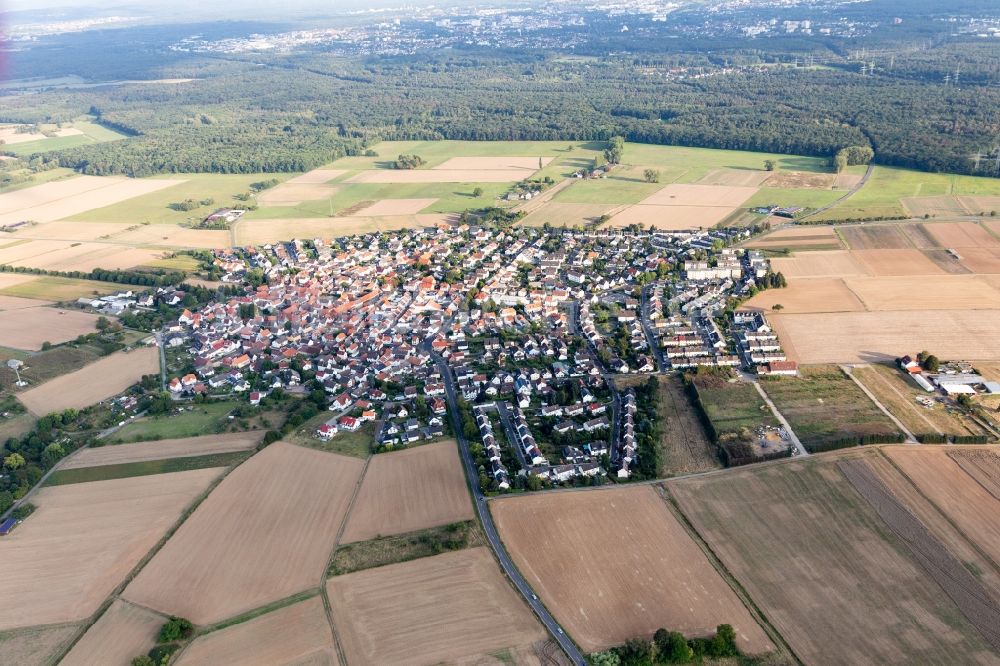 Luftbild Wachenbuchen - Dorf - Ansicht am Rande Waldgebieten in Wachenbuchen im Bundesland Hessen, Deutschland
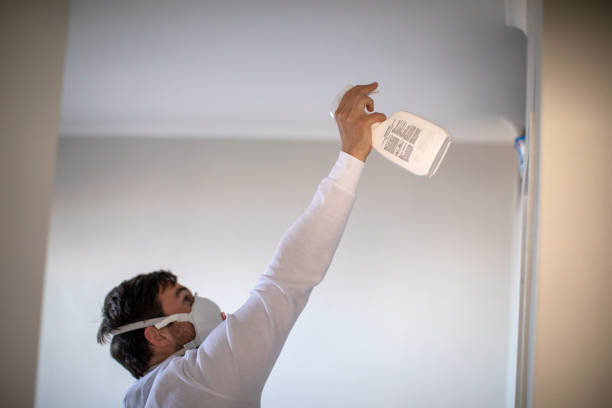 Best Residential Mold Removal  in Gilroy, CA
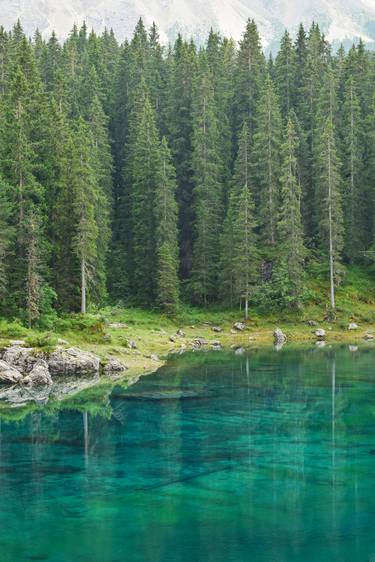 Pine trees over Lake Carezza - Karersee - Limited Edition 1 of 5 thumb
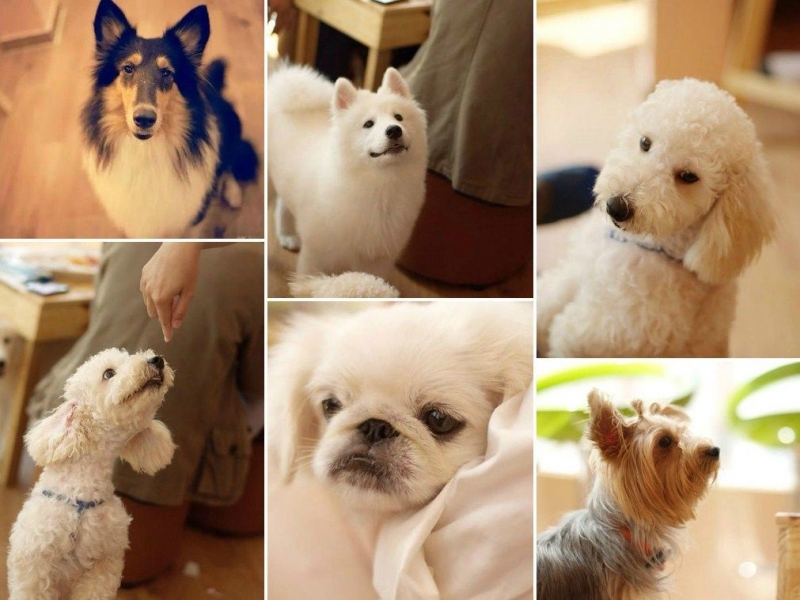 Những chú chó đáng yêu tại Hachiko Coffee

* * * * * * *

> [TASK INSTRUCTIONS]
The result should be the full listing, retyped exactly and free of pictures.

> [RESULT BELOW]
 Luftbild Wachenbuchen - Dorf - Ansicht am Rande Waldgebieten in Wachenbuchen im Bundesland Hessen, Deutschland
 Best Residential Mold Removal  in Gilroy, CA
 Pine trees over Lake Carezza - Karersee - Limited Edition 1 of 5 thumb
 Những chú chó đáng yêu tại Hachiko Coffee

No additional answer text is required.